The neighbor’s husband worked at a nearby Rockwell plant, not the Rockwell plant in Lakewood. The Rockwell plant in Lakewood had closed in 1992, a thousand jobs gone. The scheduled closing of the Long Beach naval station would mean almost nine thousand jobs gone. The Federal Base Closure and Realignment Commission had granted a provisional stay to the Long Beach naval shipyard, which adjoined the naval station and employed another four thousand people, but its prospects for survival remained dim. One thing that was not remote in Lakewood in 1993, one thing so close that not many people even wanted to talk about it, was the apprehension that what had already happened to the Rockwell plant and would happen to the Long Beach naval station and shipyard could also happen to the Douglas plant. I recall talking one day to Carl Cohn, then superintendent of the Long Beach Unified School District, which included Lakewood. “There’s a tremendous fear that at some point this operation might go away entirely,” he said. “I mean that’s kind of one of the whispered things around town. Nobody wants it out there.”

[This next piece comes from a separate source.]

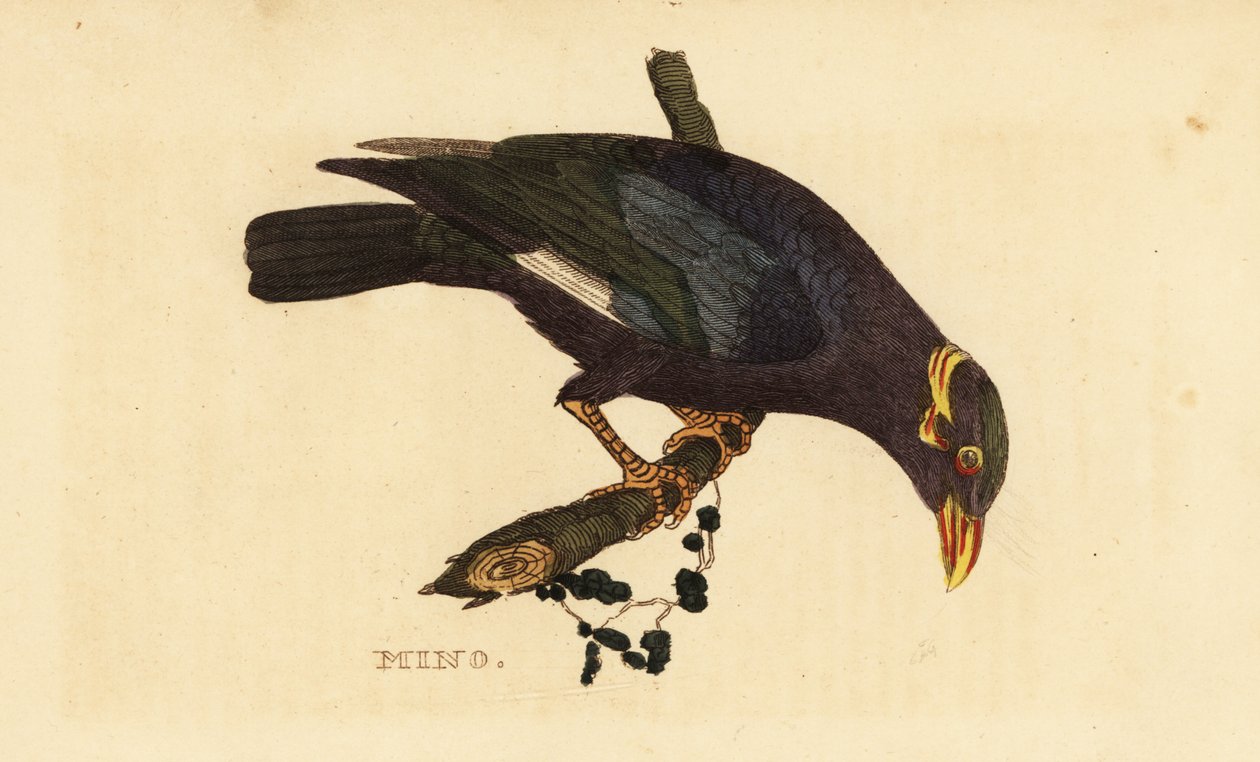 Kragemyna, Acridotheres albocinctus av George (after) Edwards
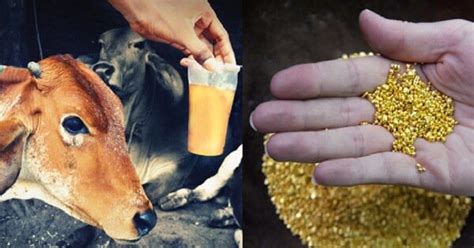 Gold In Urine Of Gir Cows Welcome To Sri Vari Gokulam Sudarshana Sena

Douglas had already, in 1993, moved part of its MD-80 production to Salt Lake City. Douglas had already moved part of what remained of its C-17 production to St. Louis. Douglas had already moved the T-45 to St. Louis. In a 1992 study called Impact of Defense Cuts on California , the California Commission on State Finance had estimated nineteen thousand layoffs still to come from Hughes and McDonnell Douglas, but by 1992 there had already been, in Southern California, some twenty-one thousand McDonnell Douglas layoffs. According to a June 1993 report on aerospace unemployment prepared by researchers at the UCLA School of Architecture and Urban Planning, half the California aerospace workers laid off in 1989 were, two years later, either still unemployed or no longer living in California. Most of those who did find jobs had ended up in lower-income service jobs; only seventeen percent had gone back to work in the aerospace industry at figures approaching their original salaries. Of those laid off in 1991 and 1992, only sixteen percent, a year later, had found jobs of any kind.